▶ _What to do_: Leaving the pictures aside, repeat every line below exactly.

▶ _Given information_:
>>>>>

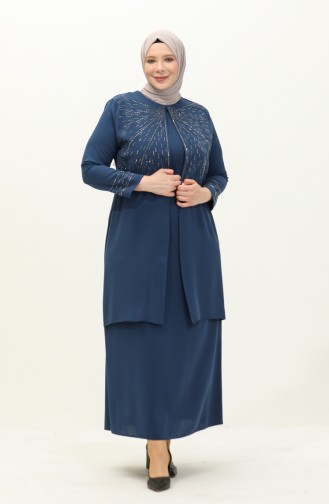 Robe de Soirée Grande Taille 6101-07 Indigo 6101-07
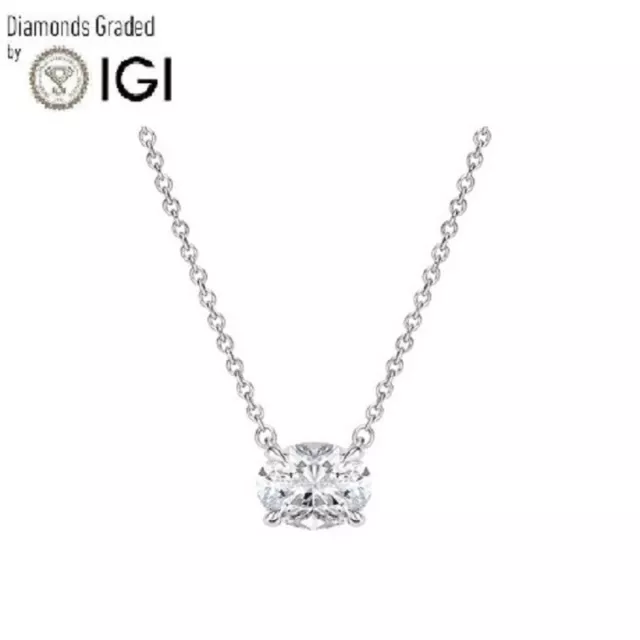 IGI,D/VS1 ,2CT Solitaire lab created Oval cut  Diamond Pendant in 18K White Gold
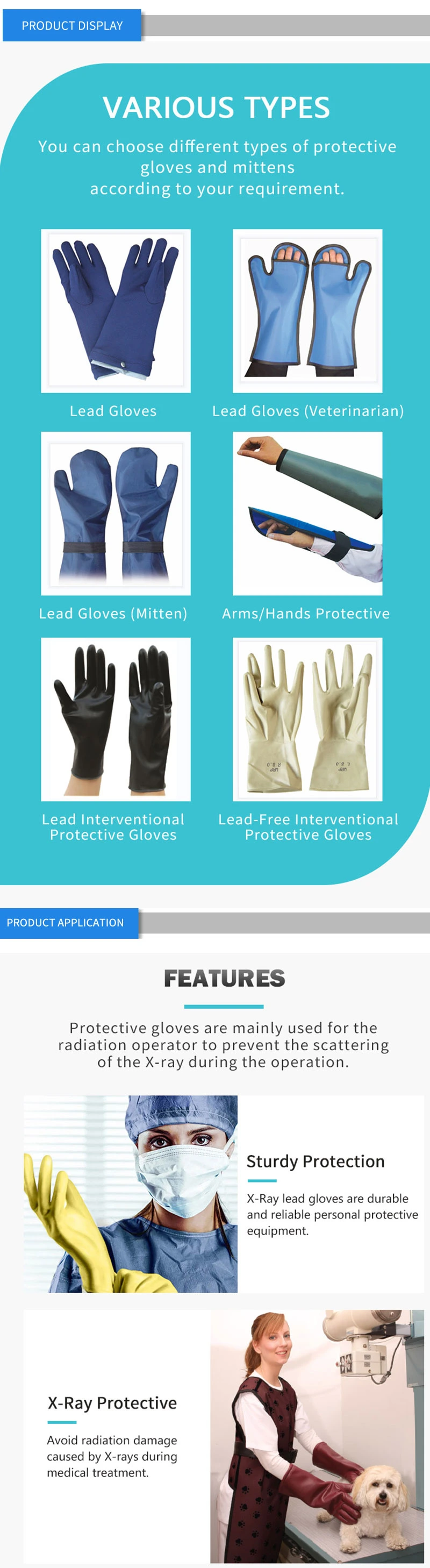 X-ray Gloves Quality Assured 0.35mmpb 0.50mmpb Ysx1521 X-ray Medical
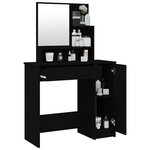 vidaXL Coiffeuse avec miroir noir 86 5x35x136 cm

<<<<<

▶ _The answer_:
 Robe de Soirée Grande Taille 6101-07 Indigo 6101-07
 IGI,D/VS1 ,2CT Solitaire lab created Oval cut  Diamond Pendant in 18K White Gold
 X-ray Gloves Quality Assured 0.35mmpb 0.50mmpb Ysx1521 X-ray Medical
 vidaXL Coiffeuse avec miroir noir 86 5x35x136 cm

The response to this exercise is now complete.